One of them picked up my purse, the other picked up my shopping bag. And we left the bus together. It was the first time I'd had that particular thing happen. I was determined that I let it be known that I did not want to be treated in this manner. The policemen had their squad car waiting, they gave me my purse and bag, and they opened the back door of the police car for me to enter."

It was defiance against injustice at its best. And as the campaigns for freedom and equality went on around the same time in Africa and in the United States, they also reinforced each other and strengthened ties that had always existed between blacks on both sides of the Atlantic.
Apart from the non-violent struggle for freedom that went on in Africa against the colonial authorities and which encouraged the civil rights struggle among blacks in the United States, was the more militant campaign waged by Mau Mau in Kenya. Coincidentally, the launching of the Defiance Campaign in South Africa in 1952 coincided with the arrest of Jomo Kenyatta who was accused of leading Mau Mau. He was arrested in the same year, 1952, together 182 other African leaders. In 1953, he was sentenced to seven years in prison, with hard labor, and was sent to the barren region of northwestern Kenya to serve his sentence. He was released in 1961.
His release in 1961 was another important milestone in the struggle for freedom and justice for black people on both sides of the Atlantic. It took place only about three years before passage of the Civil Rights Bill in the United States in 1964, and there is no doubt that Kenyatta's release from prison further inspired blacks in America in their struggle for racial justice. If blacks in Kenya could win, there was also some hope that blacks in the United States would win one day. As the civil rights movement anthem went: "Oh, deep in my heart, I do believe, we shall overcome someday."

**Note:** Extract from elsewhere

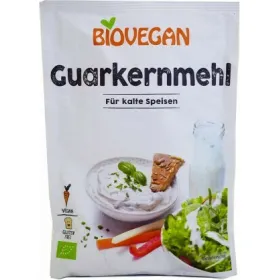 Biovegan Κόμμι Γκουάρ σε Σκόνη Χωρίς Γλουτένη 100gr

The militancy of Mau Mau in Kenya, involving armed struggle by the Kikuyu against the British, also inspired pride among many blacks in the United States including those who may not have used violence themselves to win freedom. But they saw in the Kikuyu the same burning desire to be free they saw among themselves in the United States. Black militants even endorsed Mau Mau tactics. And the father of the black militant movement in the United States, Malcolm X, spoke proudly of Mau Mau, as much as he did about the liberation war in Algeria which drove the French out after seven years of bitter conflict in which about one million Algerians were killed. And as he said about the Mau Mau in one of his speeches: "It was Mau Mau that brought independence to Kenya."
Malcolm X also worked diligently to forge new and strengthen existing ties between Africa and black America. In 1964, he went to Africa and visited a number of countries where he met with different leaders. He also addressed the OAU summit of the African heads of state and government in Cairo, Egypt, in July 1964 where he almost died when his food was poisoned in a hotel. He was followed by CIA agents throughout his African trip and the American intelligence agency may have been behind the attempt on his life.
His speech to the Organization of African Unity (OAU) conference of African leaders was a plea for help. He believed African countries would be able to help African Americans in their struggle for racial equality in the United States by bringing up the case before the United Nations. And a number of African countries agreed to do so. Among the leaders he talked to about the plight of African Americans were Emperor Haile Selassie of Ethiopia, Presidents Jomo Kenyatta of Kenya, Julius Nyerere of Tanzania, Nnamdi Azikiwe of Nigeria, and Kwame Nkrumah of Ghana. And he was well-received wherever he went in Africa. Tanzania was one of the countries he visited, and he mentions this trip in one of speeches.
When I was working on the second edition of my book, Nyerere and Africa: End of an Era, in 2004, I was in regular contact with Andrew Nyerere, President Nyerere's eldest son who was my high schoolmate in Tanzania, and who said he remembered when Malcolm X visited them at their house in Dar es Salaam in July 1964. As he said in a letter to me: "When he came to Msasani (on the outskirts of Dar es Salaam where President Nyerere and his family lived in a simple house instead of living in the official residence, the State House), he gave Mwalimu the record of 'Message to the Grassroots,' a speech by Malcolm X."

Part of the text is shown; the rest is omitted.